Key points
- After a sacrifice, the giver can experience lower well-being and the recipient can have mixed feelings about the sacrifice.
- Women may be especially likely to experience lower well-being after a relationship sacrifice.
- People who are grappling with a relationship sacrifice may want to change what they focus on or reconsider the need to sacrifice.
A new study published in the Journal of Current Opinion in Psychology explains why the noble act of sacrifice may have hidden negative costs for both its giver and its receiver in a romantic relationship. According to the study, these costs may accumulate and cause bigger problems for the relationship in the future.
“It’s certainly honorable to put aside one’s own self-interest because of your partner or your relationship,” explains psychologist Francesca Righetti. “However, our research shows that there is a difficult aftermath for both the giver and the recipient.”
Righetti’s research assessed sacrifice in relationships from four different aspects by analyzing the results of more than 80 previous studies. These aspects were:
- Willingness to sacrifice
- The act of sacrifice
- Satisfaction with sacrifice
- Costs of sacrifice
The researchers found relationship sacrifice to be an “exceptionally costly prosocial behavior.”
“The giver experiences lower well-being after sacrificing and the recipient starts having mixed feelings about the sacrifice and the partner,” explains Righetti. “On the one hand, the receiver feels grateful, loved, and accepted, but they also feel guilty and in debt. And we know that having mixed feelings is not good for relationships.”
Sacrifice works differently compared to other prosocial behaviors in that it involves giving up one’s own preferences or goals for others. When people engage in other prosocial behaviors, they usually don’t need to give up something that they would rather do or have.
“Sacrifice is costly because it requires one to give up their own preferences and goals,” explains Righetti. “Focusing on these costs appears to be especially detrimental for the giver’s well-being and for the relationship.”
Another crucial finding of Righetti’s study was that women were especially likely to experience lower well-being after having sacrificed.
While the reasons for this tendency are still being studied, Righetti gives us this tentative explanation:
“We think that it may be that women may sacrifice more in their relationship and that, because of gender roles, they are also expected to sacrifice more and they do not receive as much appreciation and validation as men for their sacrifices,” she explains. “In sum, they may especially experience the costs and very little of the benefits.”

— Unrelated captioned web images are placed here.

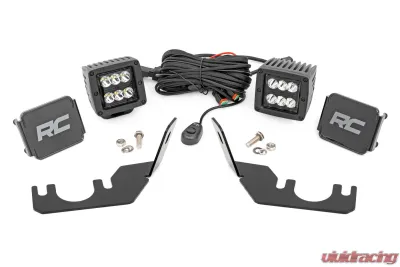 Rough Country LED Light Rear Mount 2" Black Pair Spot for Kawasaki Teryx 4 1000 & 800 (2014-2024) - 94006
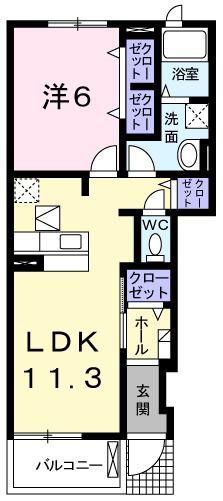 プリムローズ(1LDK/1階)の間取り写真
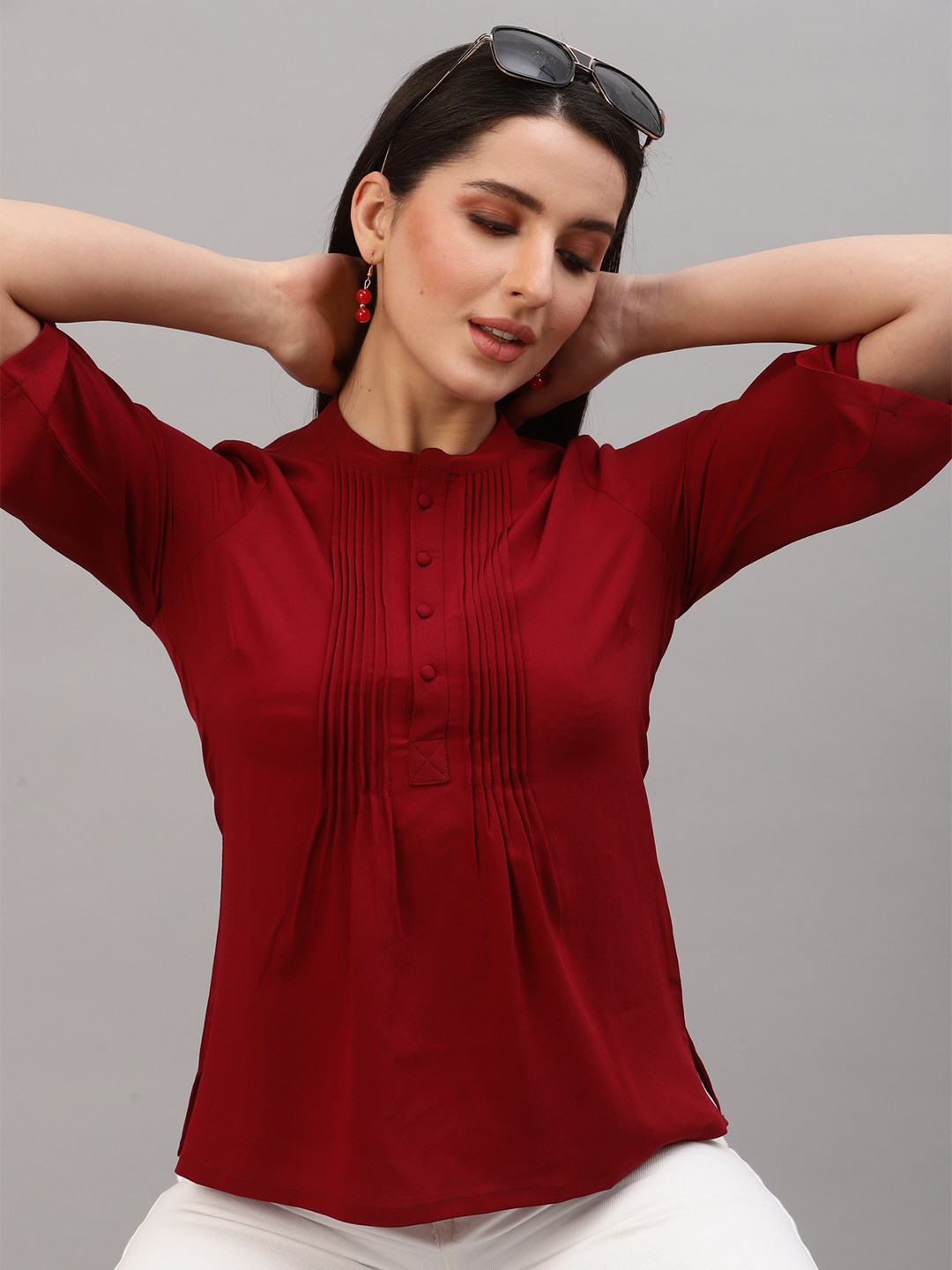 RAASSIO Band Collar Crepe Top
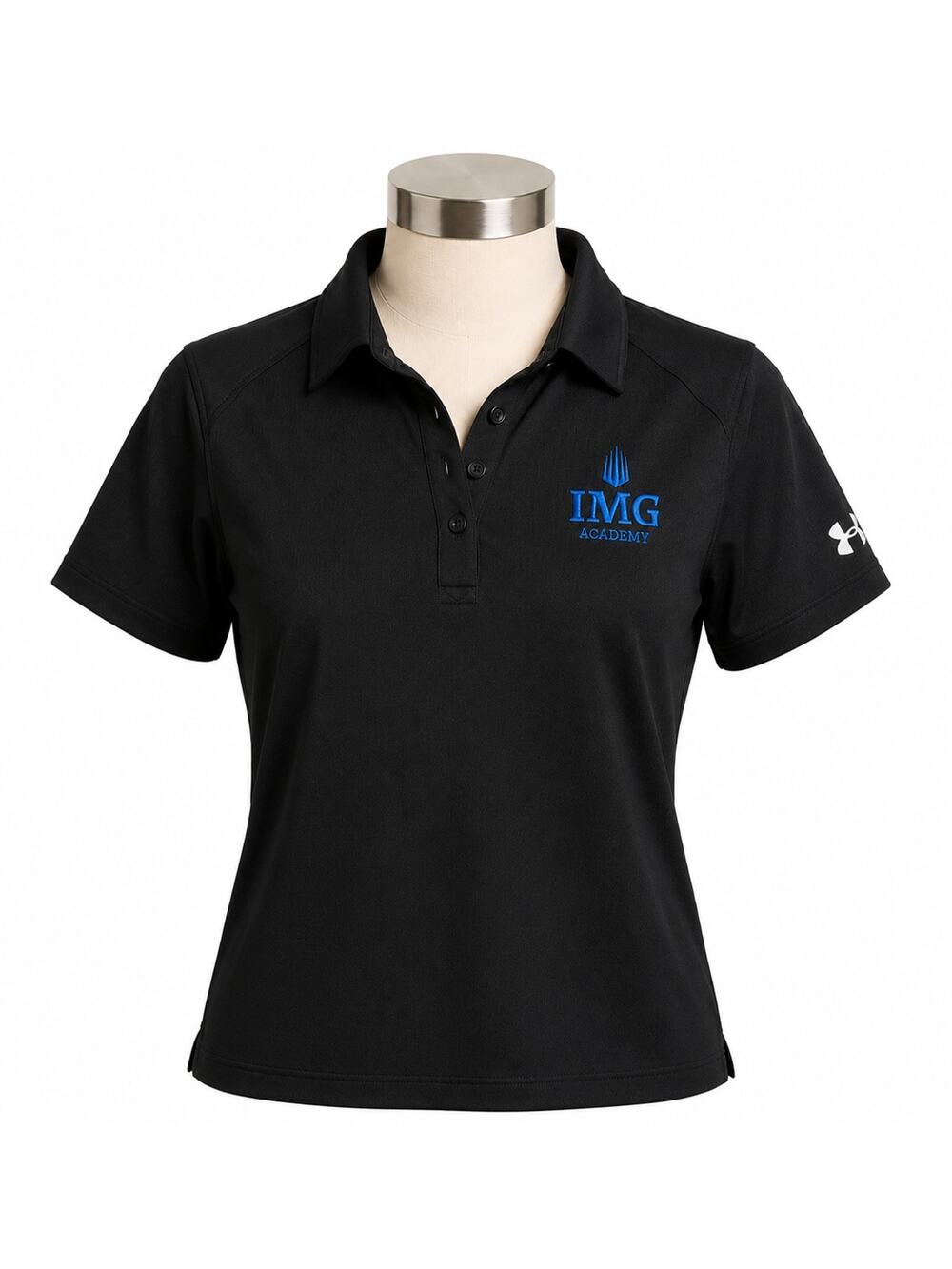 Under Armour IMG Academy HeatGear Polo Short Sleeve Shirt Black Women’s XS
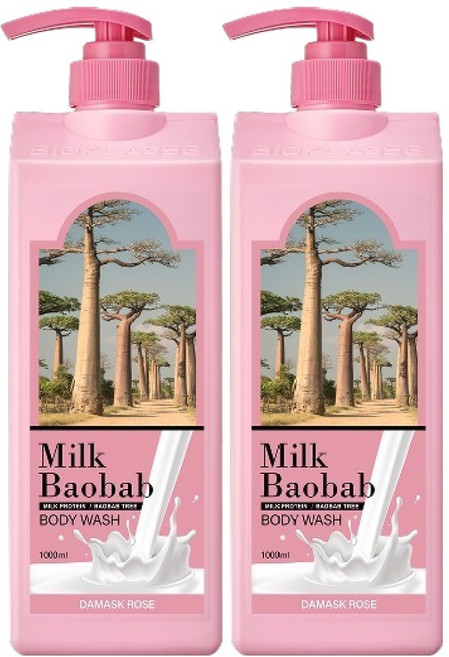 밀크바오밥 바디워시 다마스크 로즈, 1L, 2개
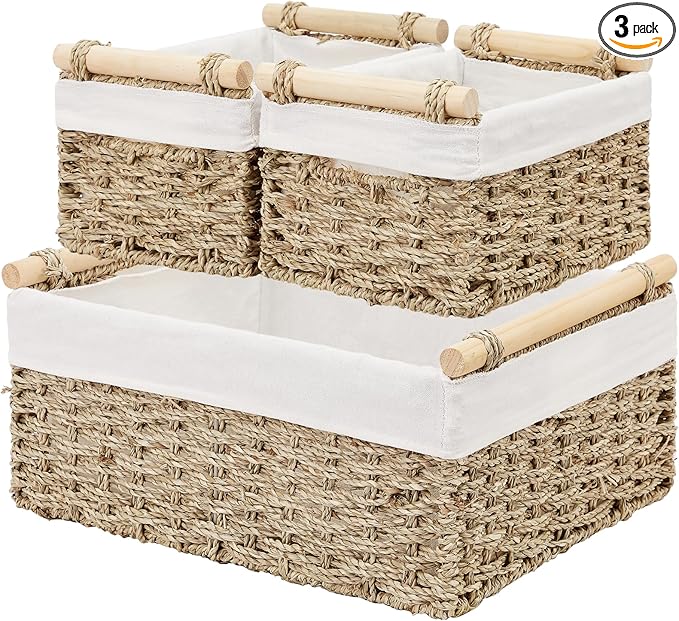 Vagusicc Wicker Storage Basket, 3-Packs Seagrass Storage Baskets for Organizing, Large Cube Storage Organizer Baskets Bins with Handles for Shelves Decor, Small Toilet Paper Storage Basket (Seagrass)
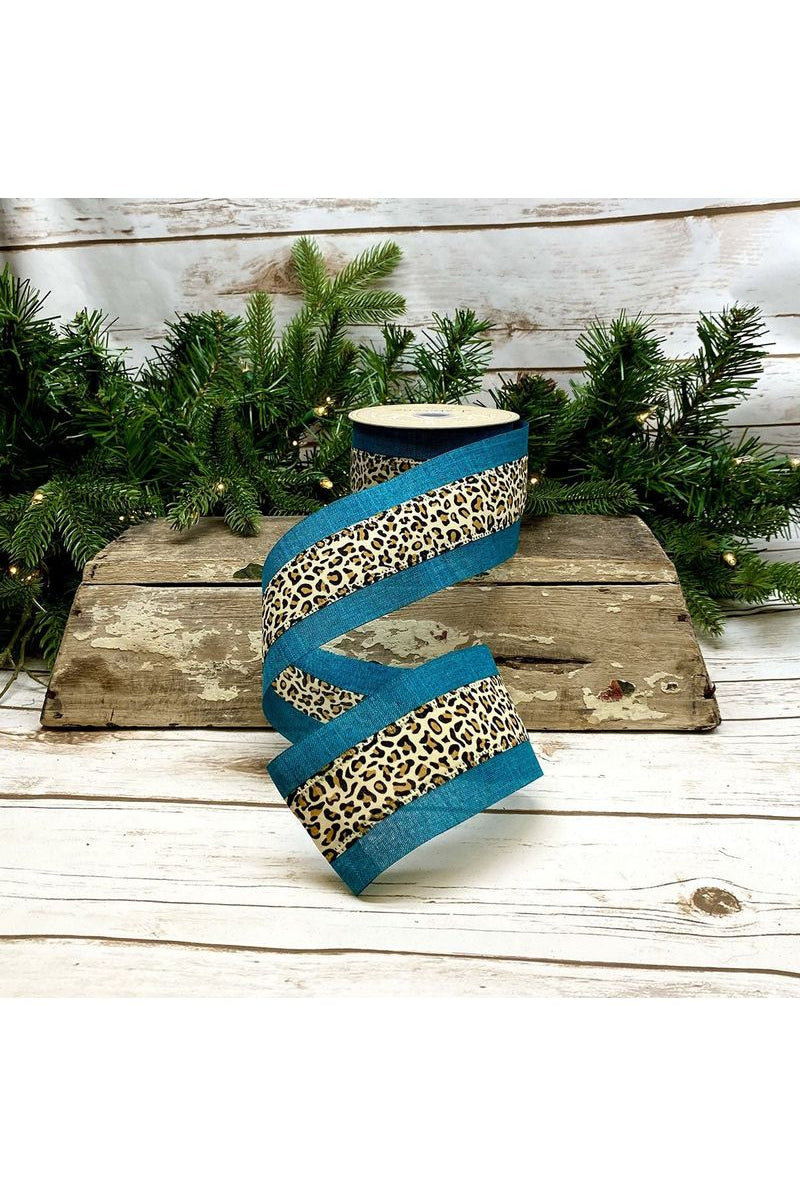 2.5" Leopard Center Ribbon: Teal (10 Yards) - Michelle's aDOORable Creations - Wired Edge Ribbon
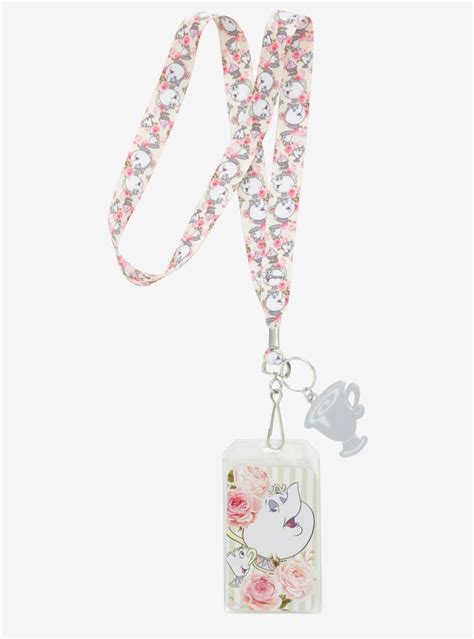 Disney Beauty And The Beast Mrs Potts Floral Lanyard Hot Topic Disney Beauty And The Beast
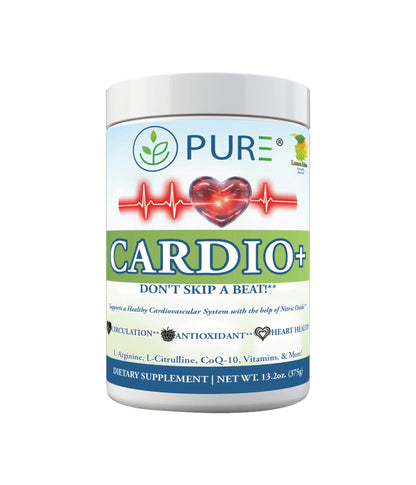 PURE® Cardio+ Nitric Oxide Heart & Circulation Support - 5000mg L-Arginine & 1000mg L-Citrulline - Lemon Lime, 30 Servings Powder, 375 Grams - CoQ10 Beet Root - High Potency Cardiovascular Formula PUREBuy Supplements Australia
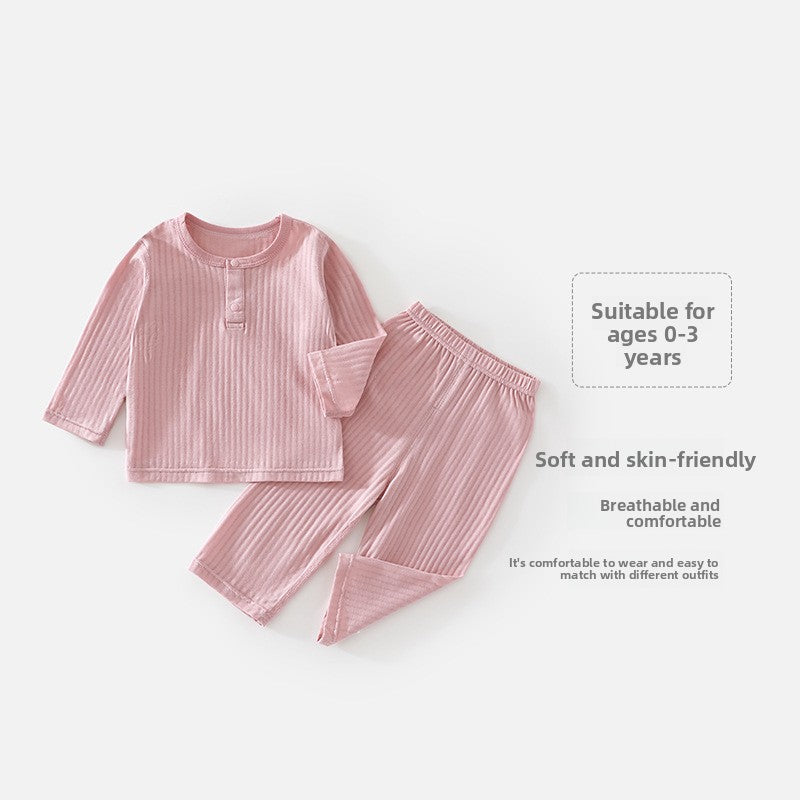 Conjunto de pijama de manga larga de algodón para bebé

All things considered, Righetti warns that viewing sacrifice as an inherently negative or positive behavior may not be useful because, in most relationships, sacrifices are inevitable.
What one can change, however, is the way they appraise the nature and necessity of a sacrifice.
If you are grappling with sacrifice in your own relationship, Righetti advises you to:
- Change what you focus on: If you focus on what you have lost after a sacrifice, you are more likely to experience lower personal well-being and relationship satisfaction. Therefore, Righetti encourages you to look at the bright side of the sacrifice (e.g., looking at how happy the partner is or what you/they can learn from this experience, or feeling proud of being such a generous person).
- Reconsider the need to sacrifice: Sometimes sacrifices are necessary to maintain a relationship. However, there are times when they can be avoided through contingency plans and a little bit of adjustment. To explain this, Righetti gives the example of moving due to a partner’s career opportunity or a partner wanting to spend a weekend with their parents. In the first case, either they sacrifice their career opportunity or their partner moves with them. In the second case, sacrifice is not necessary. If one partner wants to spend the weekend with their parents and the other doesn’t, they can simply decide to spend the weekend separately while preserving their relationship (and saving stress for both of them).
Ultimately, couples need to navigate these situations and decide when it is necessary that one of them sacrifices and when it is possible for each of them to pursue their preferences independently while remaining joyful afterward.